WHAT YOU ARE ASKED TO DO: Leaving out the pictures, output the lines from the one that contains "Cover von Unser Kalender 2022/2023" through the end of the material, exactly as they stand.

RECORDS PROVIDED:
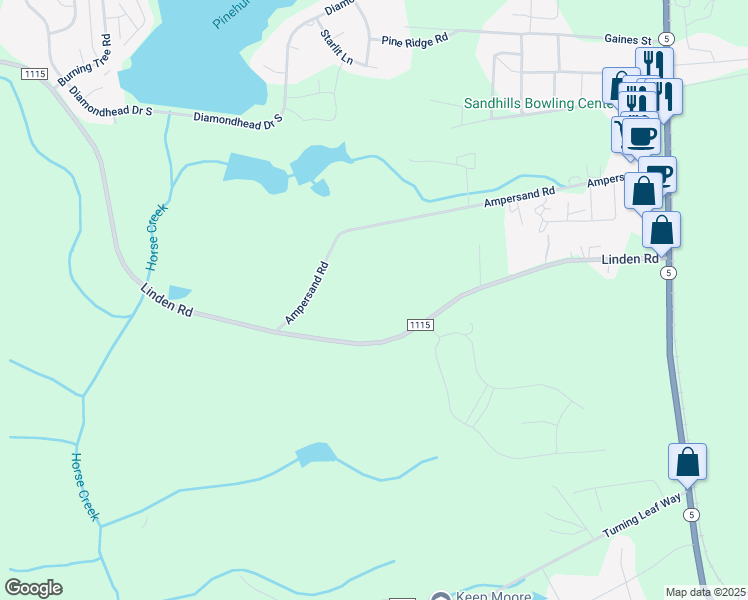 map of restaurants, bars, coffee shops, grocery stores, and more near 2745 Linden Road in Pinehurst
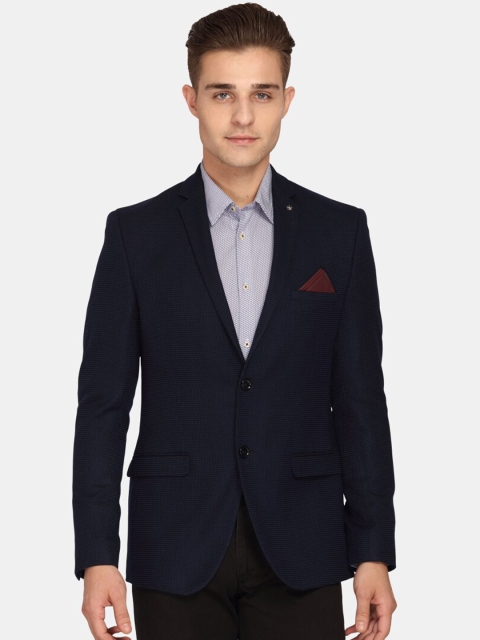 

Theme Men Navy Blue Self-Design Super Slim-Fit Single-Breasted Casual Blazer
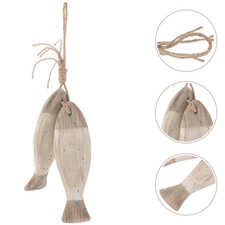  Seaside Hanging Fish Sculpture Wooden Decoration Coastal Wall Art Beach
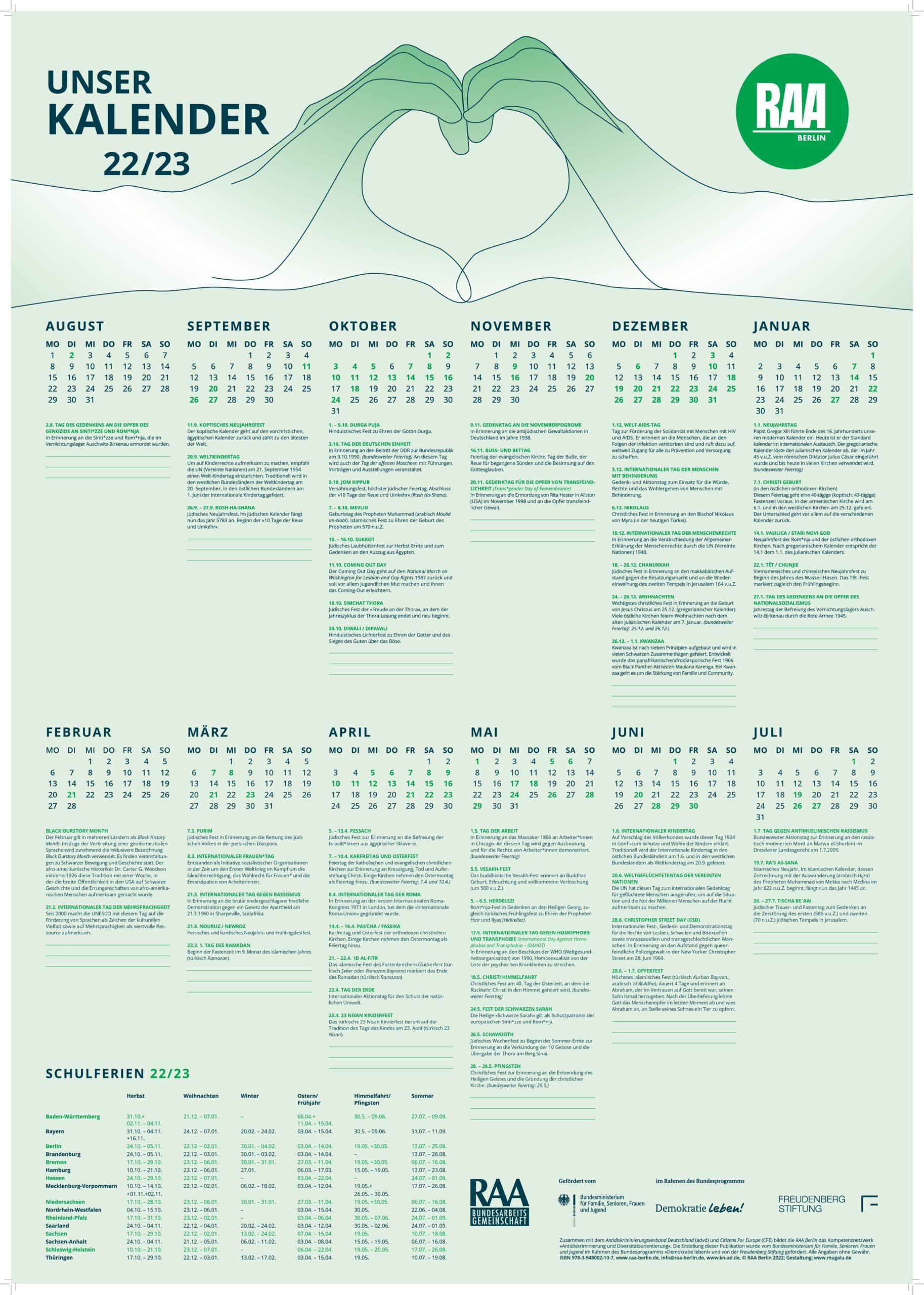 Cover von Unser Kalender 2022/2023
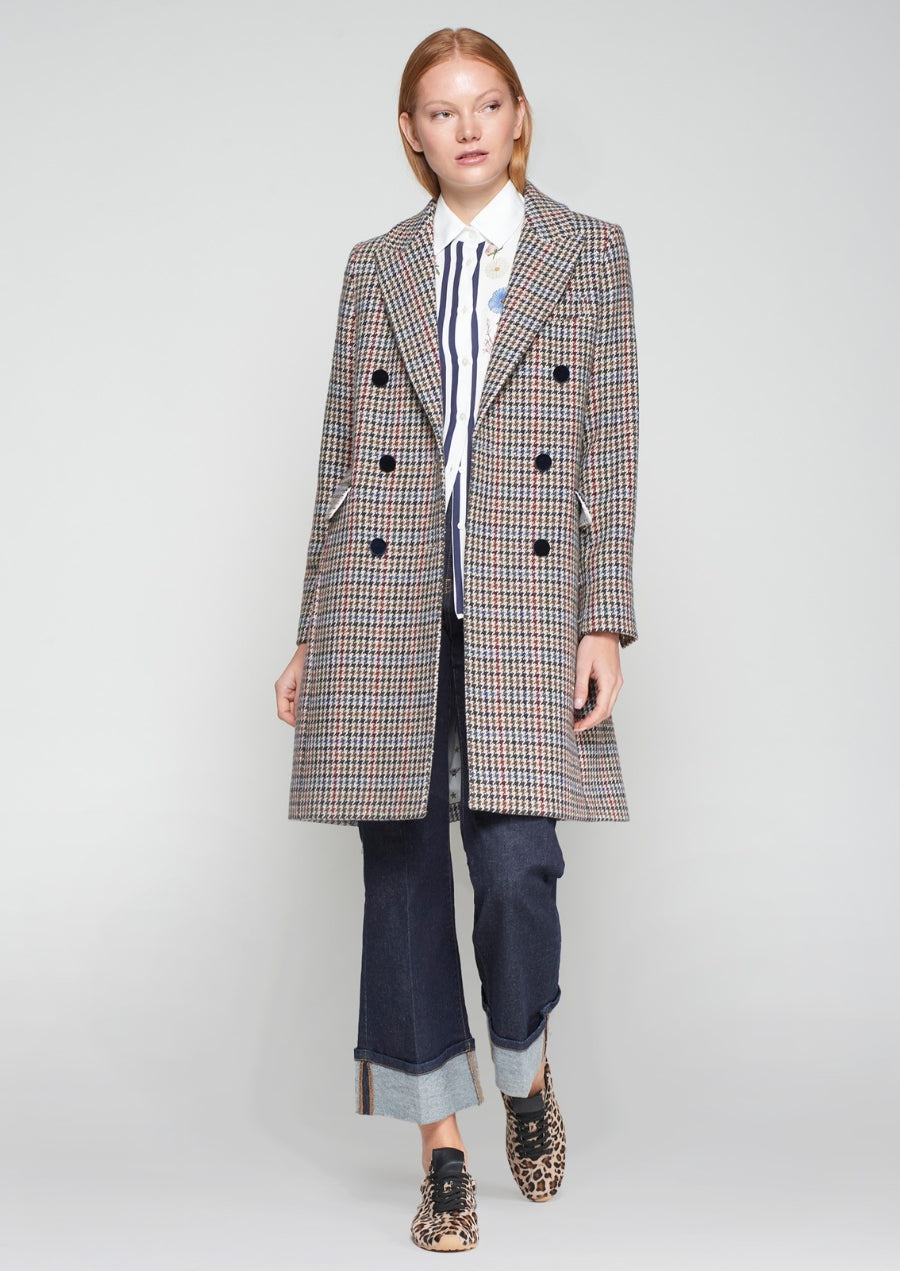 Houndstooth Wool Coat with Velvet Collar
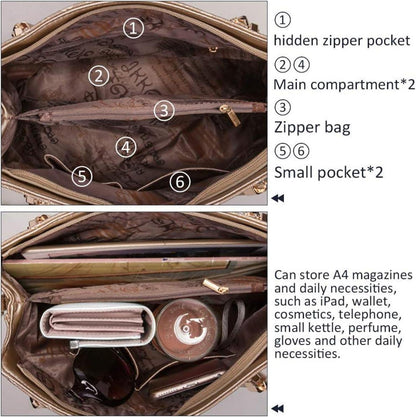 Damen Handtaschen Set Mittelgroß Umhängetasche Portemonnaie Clutch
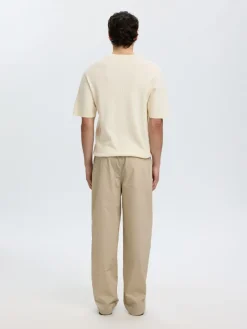 Selected miesten t-paita Structured Short Sleeved Shirt, Egret
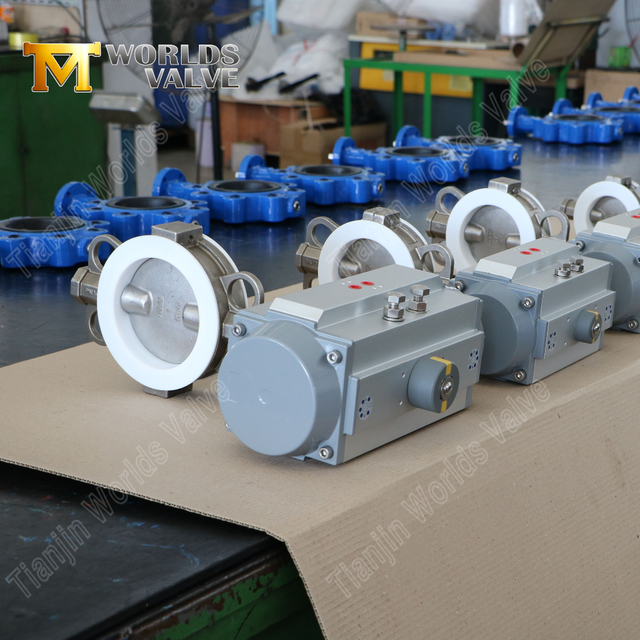 Сплит для кузова PTFE Lined SS клапан бабочки с пневматическим применением | Превосходная коррозионная стойкость и эффективность обслуживания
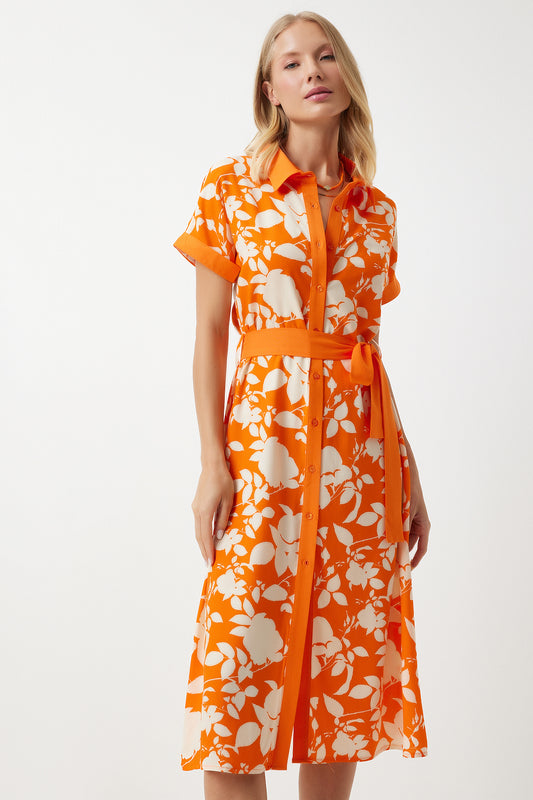 Happiness İstanbul Orange Floral Print Thin Viscose Summer Dress Women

EXERCISE ANSWER:
 Cover von Unser Kalender 2022/2023
 Houndstooth Wool Coat with Velvet Collar
 Damen Handtaschen Set Mittelgroß Umhängetasche Portemonnaie Clutch
 Selected miesten t-paita Structured Short Sleeved Shirt, Egret
 Сплит для кузова PTFE Lined SS клапан бабочки с пневматическим применением | Превосходная коррозионная стойкость и эффективность обслуживания
 Happiness İstanbul Orange Floral Print Thin Viscose Summer Dress Women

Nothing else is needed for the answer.